I wanted to post this for everyone as a 10-year memorial to the discovery of Matt, who was in a coma at the time of discovery, but also to everyone else who has been a vitcim of hate and violence.
Matthewe Shepard was a good kid. He was the oldest son of Dennis Shepard and Judy Shepard. He attended Crest Hill Elementary School, Dean Morgan Junior High, and the first two years of high school at Natrona County High School. He was a member of St. Mark's Episcopal Church. Shepard spent his junior and senior years of high school at The American School In Switzerland. After graduating in 1995, he attended Catawba College and Casper College before he relocated to Denver. Shepard then became a first-year political science major at the University of Wyoming and was chosen as the student representative for the Wyoming Environmental Council.
He was described by his parents and good close friend from Orlando, Florida, Frankie J. McGraw, as "...an optimistic and accepting young man ...[who]... had a special gift of relating to almost everyone. He was the type of person that was very approachable and always looked to new challenges. Matthew had a great passion for equality and always stood up for the acceptance of people's differences."
The two men who attacked Matthew Shepard, Henderson and McKinney, were not charged with a hate crime, as no Wyoming criminal statute provided for such a charge.

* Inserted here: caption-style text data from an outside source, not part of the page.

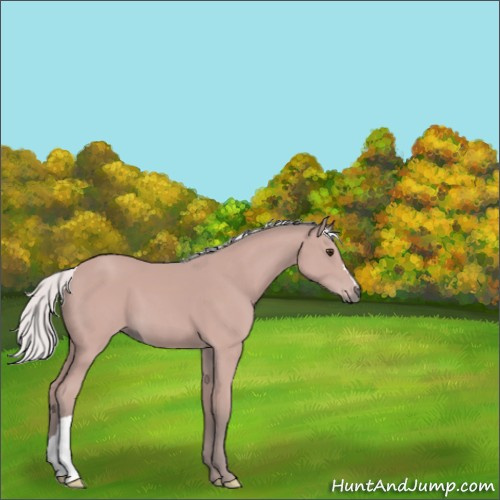 Horse Color:Platinum Silver Bay 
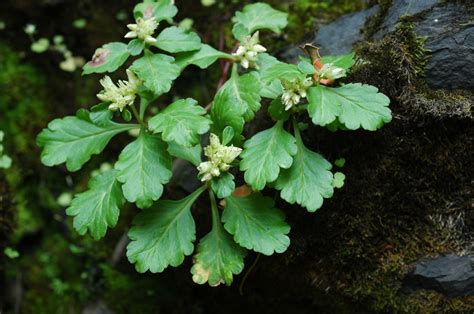 科学网—植物札记之卵萼红景天（20180531）？ 何海的博文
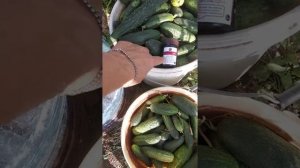 Теппеки. Не совершайте моих ошибок.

The disturbing and brutal nature of Matthew Shepard's murder prompted calls for new legislation addressing hate crime, urged particularly by those who believed that Shepard was targeted on the basis of his sexual orientation. Under current United States federal law and Wyoming state lawcrimes committed on the basis of sexual orientation are not prosecutable as hate crimes.

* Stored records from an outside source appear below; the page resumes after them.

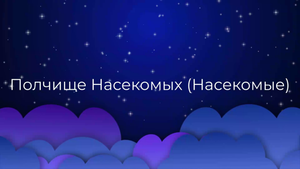 К чему снится Полчище Насекомых (Насекомые) ?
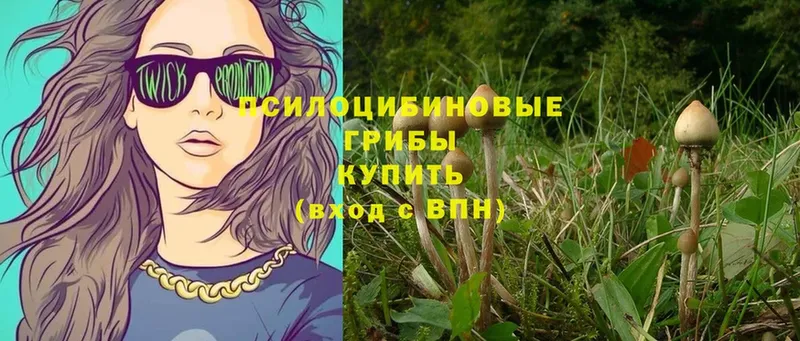 где продают наркотики  Калининск  Псилоцибиновые грибы Psilocybe 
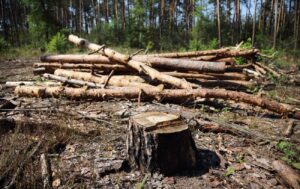 Російські ліси видають за естонські: розслідування у Великій Британії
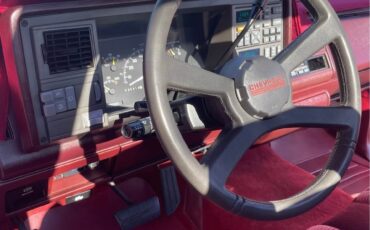 Chevrolet-Other-1994-10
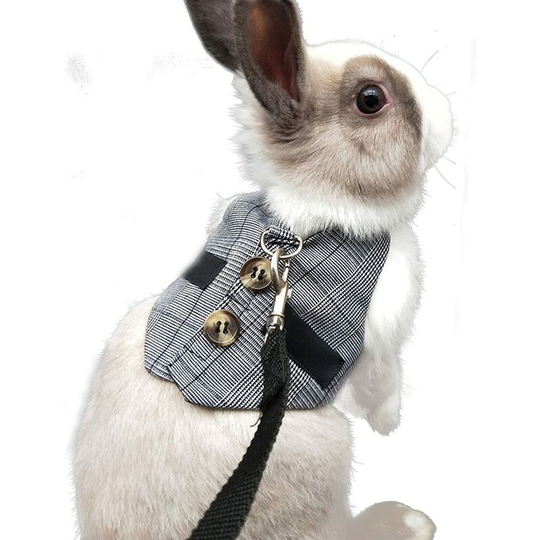 Heguyey - Adjustable Rabbit Costume Harness Small Animal Harness and Leash Small Animal Rabbit Hamster Cat Small Size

In the following session of the Wyoming Legislature, a bill was introduced defining certain attacks motivated by victim identity as hate crimes, but the measure failed on a 30-30 tie in the Wyoming House of Representatives.

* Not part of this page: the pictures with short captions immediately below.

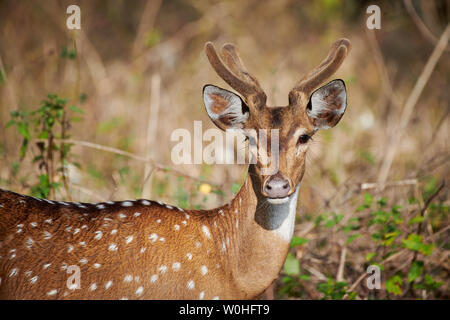 spotted deer or axis deer, Axis axis, Bandipur Tiger Reserve, Karnataka, India Stock Photo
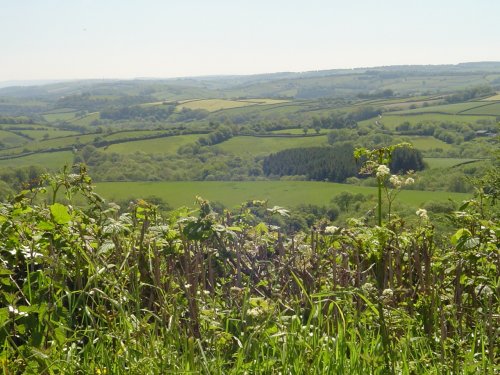 Exmoor National Park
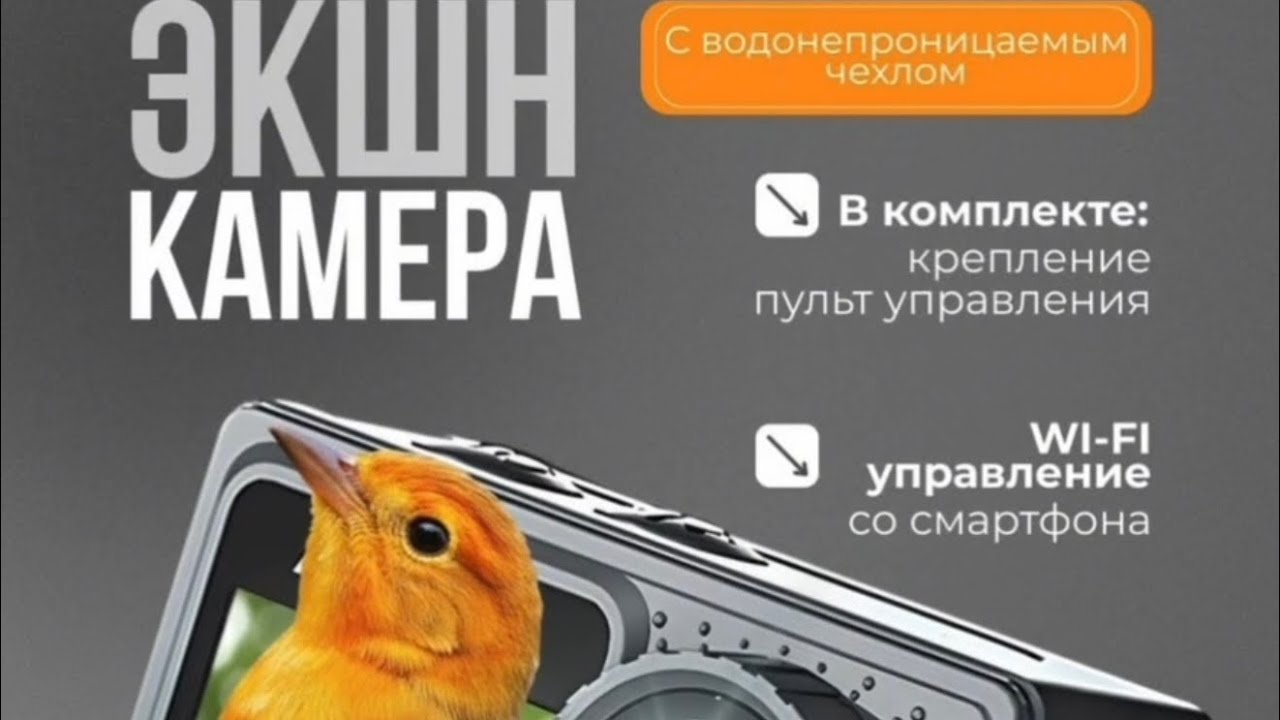 Инфографика с телефона: бесплатный урок в CANVA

At the federal level, then-President Bill Clinton renewed attempts to extend federal hate crime legislation to include gay and lesbian individuals, women, and people with disabilities. These efforts were rejected by the United States House of Representatives in 1999. In 2000, both houses of Congress passed such legislation, but it was stripped out in conference committee.
On March 20, 2007, the Matthew Shepard Act (HR 1592) was introduced as federal bipartisan legislation in the U.S. Congress, sponsored by Democrat John Conyers with 171 co-sponsors. Matthew's parents, Judy and Dennis, were present at the introduction ceremony. The bill passed the House of Representatives on May 3, 2007. Ultimately, the amendment was dropped by the Democratic leadership because of opposition from antiwar Democrats, conservative groups, and President George W. Bush.
Please use this article as a reminder that we are still very far from receiving equal rights and equal protections in this country. The fact that there still is not a national law protecting our community from hate and violence perpetuated by our own sexuality and gender identities is not only disheartening but frustrating too.
How many others out there do you think have been a victim of a hate crime whose perpetrators didn't receive the justice they deserved? How many people do you know personally that have been a victim of some kind of hate crime, attack or slur? When is enough, enough?
This is an extremely big election and I urge each and every one of you to stay educated on the issues involved in this election. Barack Obama supports expanding federal hate crimes to include sexual orientation/gender identity and he might be our only hope to finally get the national protection we deserve. Let's do it for Matthew Shepard. Let's do it for all the innocent victims whose attacks have gone unnoticed or unreported time after time. Let's do it for ourselves.